By Associated PressMarch 24, 2018, 12:21 am

BILOXI, Miss. - Joe Durant had three straight birdies in a back-nine burst and a shot 6-under 66 on Friday to take the first-round lead in the PGA Tour Champions' Rapiscan Systems Classic.

Durant birdied the par-4 11th and 12th and par-5 13th in the bogey-free round at breezy and rain-softened Fallen Oak. Because of the wet conditions, players were allowed to lift, clean and place their golf balls in the fairway.

''It just sets up nice to my eye,'' Durant said. ''It's a beautiful golf course and it's very challenging. The tee shots seem to set up well for me, but the greens are maybe as quick as I've ever seen them here. You really have to put the ball in the right spots. I played very nice today. With the wind swirling like it was, I'm really happy.''

He won the Chubb Classic last month in Naples, Florida, for his third victory on the 50-and-over tour.

Full-field scores from the Rapiscan Systems Classic

''Done this long enough, Friday's just one day,'' Durant said. ''Especially in a three-day tournament, you've got to go out and shoot three good numbers. Fortunate to put one on the board, but I know I have to back it up with a couple of good days because you can get passed very quickly out here.''

Mark Calcavecchia was a stroke back. He won last month in Boca Raton, Florida

''It's probably my best round I've ever had here and it was a tough day to play,'' Calcavecchia said. ''The greens are just lightning fast. They're pretty slopey greens, so very difficult to putt.''

Steve Stricker was third at 68. He took the Tucson, Arizona, event three weeks ago for his first senior victory.

''Just getting it around and managing my game I think like I always do,'' Stricker said. ''You get in the wrong position here with the greens being so fast and you're going to be in trouble.

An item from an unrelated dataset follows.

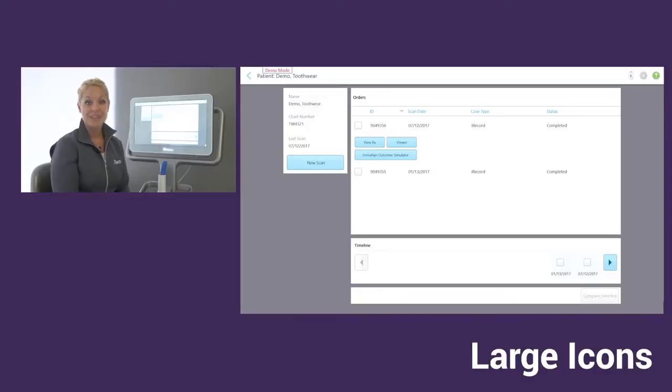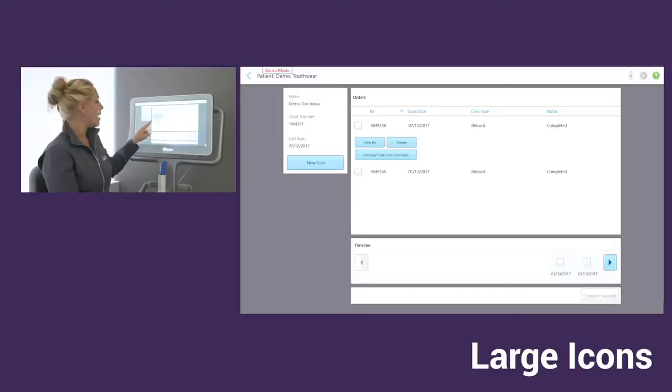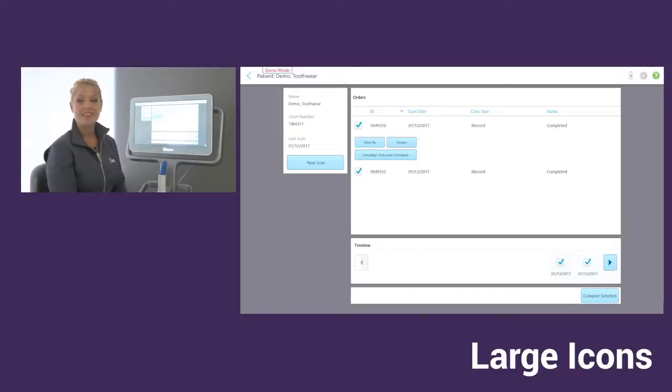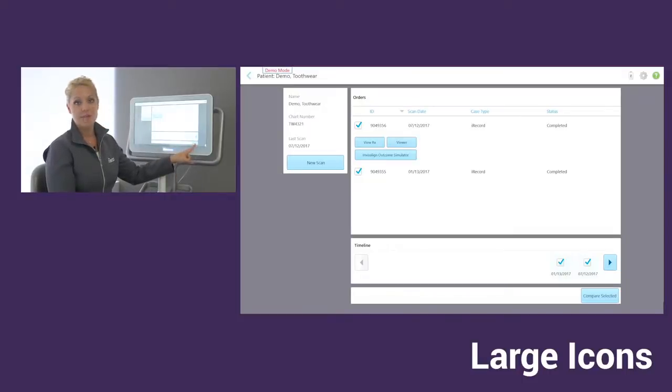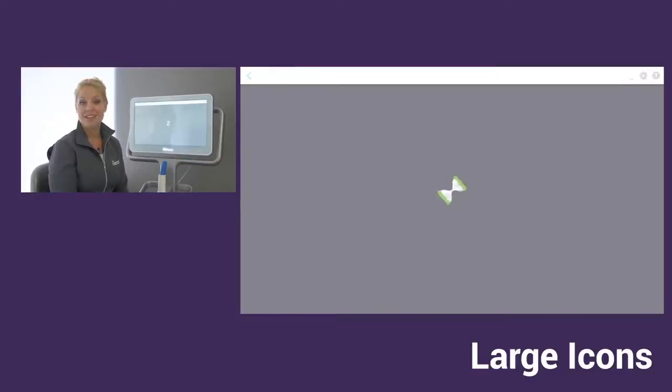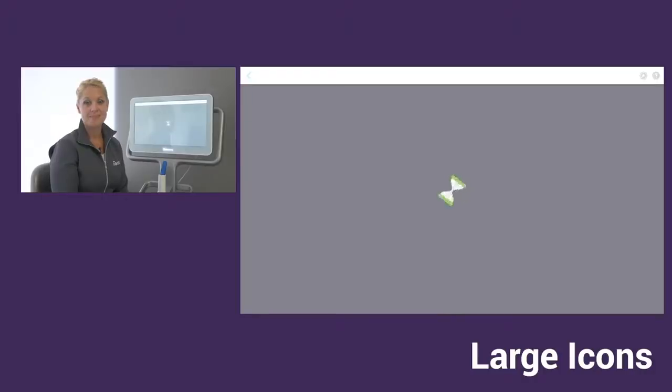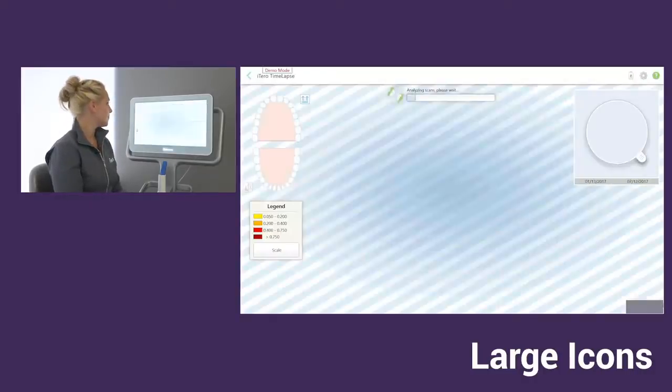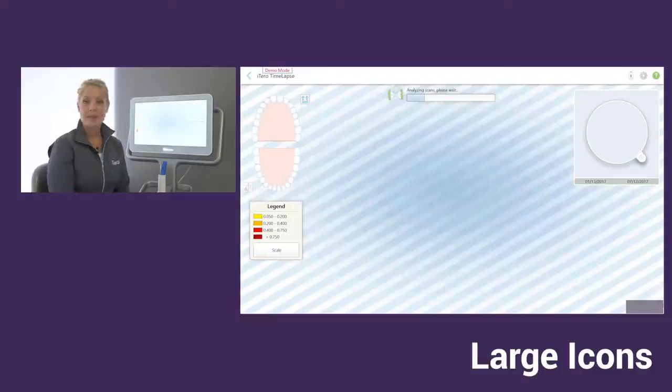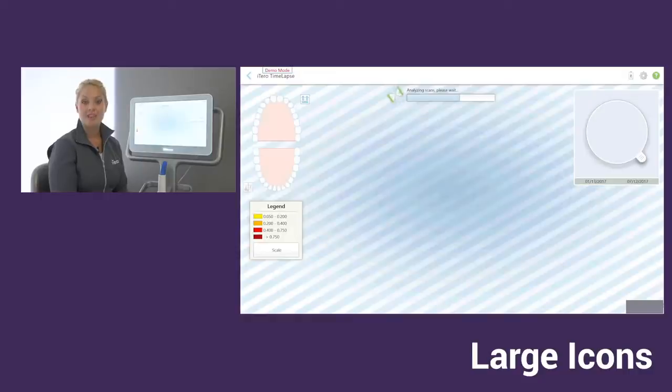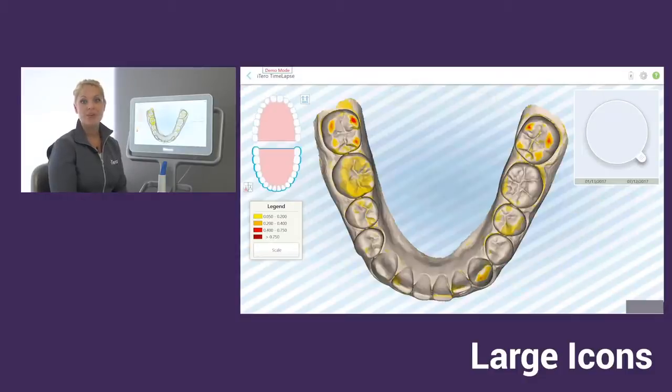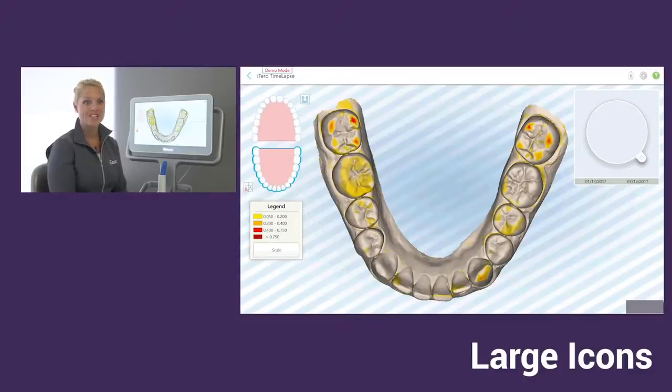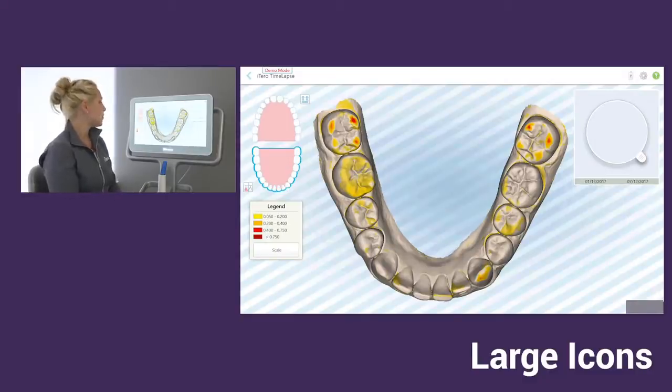Now in our Patients icon, this is the only area where you can run the time lapse software. For time lapse, you'll notice next to each scan that we have, we can check mark the box. When we have check marked any two scans for your patient, this compare selected option opens up. When I tap on the compare selected option, this will run time lapse. Time lapse is nice because it lets you compare any two scans for your patients and the software is going to highlight areas in the anatomy where change has occurred. Wherever we do see change, we're going to see some color coding on the teeth varying from yellow to red, depending on how significant that change is.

I did that a couple times today.''

Billy Mayfair, Billy Andrade and David McKenzie shot 69. Jerry Kelly, the winner of the season-opening event in Hawaii, was at 70 with Wes Short Jr., Glen Day, Gene Sauers and Jesper Parnevik.

Bernhard Langer opened with a 71, and two-time defending champion Miguel Angel Jimenez had a 72.

Vijay Singh, coming off his first senior victory two weeks ago in Newport Beach, California, had a 73.